- Jeff Andrews - CURBED
Oregon just effectively banned single-family zoning

Oregon just staked its claim as the state that’s most aggressively trying to address affordable housing.
The Beaver State passed what’s effectively a state-wide ban on single-family zoning on Sunday, the last day of a dramatic legislative session that saw Oregon Senate Republicans flee the state to avoid a vote on a cap-and-trade climate bill.
Political theatrics didn’t derail House Bill 2001, however. Three of the eight senate Republicans ultimately voted in favor of the bill, which passed the Senate 17 to 9 and sailed through Oregon’s House of Representatives. The bill is now waiting for the signature of Gov. Kate Brown, a Democrat.
The bill doesn’t directly ban single-family zoning, which limits a residential plot to only single-family detached houses. It legalizes duplexes in cities of more than 10,000, including the Portland metro area. In cities of more than 25,000 and within the Portland metro area, it would legalize triplexes, fourplexes, attached townhomes, and some “cottage clusters.” The bill leaves few towns in the state where single-family zoning is still operable.
Single-family zoning, colloquially referred to as a Not In My Back Yard (NIMBY) policy, has come under increased scrutiny as housing costs have soared and housing shortages have grown worse since the 2008 financial crisis, particularly in urban job centers like New York, San Francisco, and Los Angeles. NIMBY policies have been fingered as a barrier to building more housing and denser developments in those areas.
The countermovement to NIMBYism—Yes In My Back Yard (YIMBY)—has sought to upzone to allow more density in housing developments in towns and cities where single-family zoning is contributing to a housing shortage, and it’s picked up rare bipartisan support at a time of rampant political polarization.

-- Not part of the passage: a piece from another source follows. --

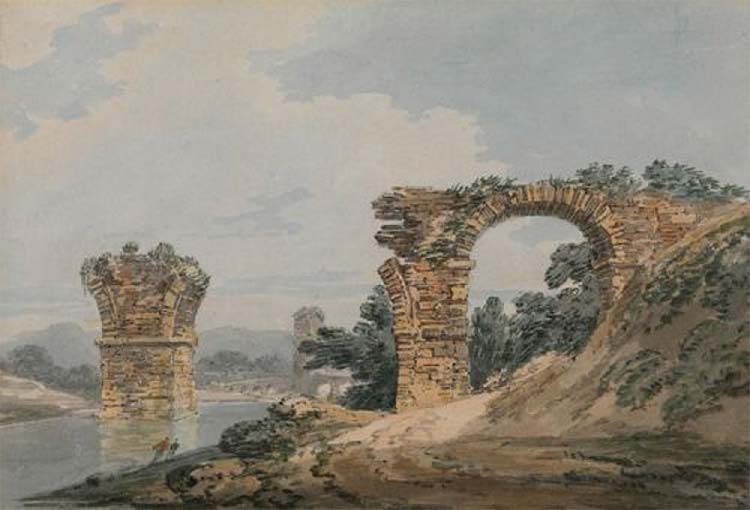 William Turner, Puente de Augusto en Narni (c. 1794-1795; acuarela sobre papel, 150 x 221 mm; Colección particular)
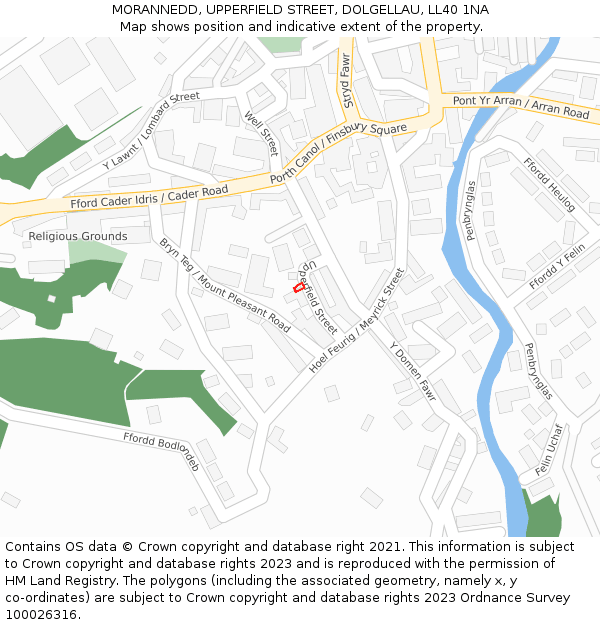 MORANNEDD, UPPERFIELD STREET, DOLGELLAU, LL40 1NA: Location map and indicative extent of plot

Three Democratic candidates for president—Elizabeth Warren, Cory Booker, and Julian Castro—have YIMBY proposals in their respective housing plans, but upzoning has also been embraced by Department of Housing and Urban Development Secretary Ben Carson and has long been advocated by the Cato Institute, a conservative think tank.
The effective ban on single-family zoning isn’t the only major housing bill passed in Oregon. In March, the state passed a rent control law that caps annual rent increases at 7 percent and also bans so-called “no-cause” evictions. With passage of the new zoning bill, Oregon has addressed housing affordability from both the demand (rent) side and supply (zoning) side, a promising approach, since affordable housing experts believe there’s no one policy that can solve the problem.
And it’s up to state and local governments to address zoning laws. Federal policy can incentivize local governments to change their zoning laws—Warren, Booker, and Castro use federal block grant money as an incentive—but otherwise doesn’t have jurisdiction over the municipalities. There’s also a question about whether federal block grant money is the right incentive at all, given many communities most in need of zoning reform don’t receive such grant money.
President Trump took matters into his own hands last week when he signed an executive order creating a “White House Council on Eliminating Regulatory Barriers to Affordable Housing,” chaired by Carson, that will review federal policies and regulations and ultimately make recommendations on changes. However, given the Trump administration’s record of repeatedly trying to defund public housing and federal rental assistance programs, affordable housing advocates are skeptical of the real motive behind the council.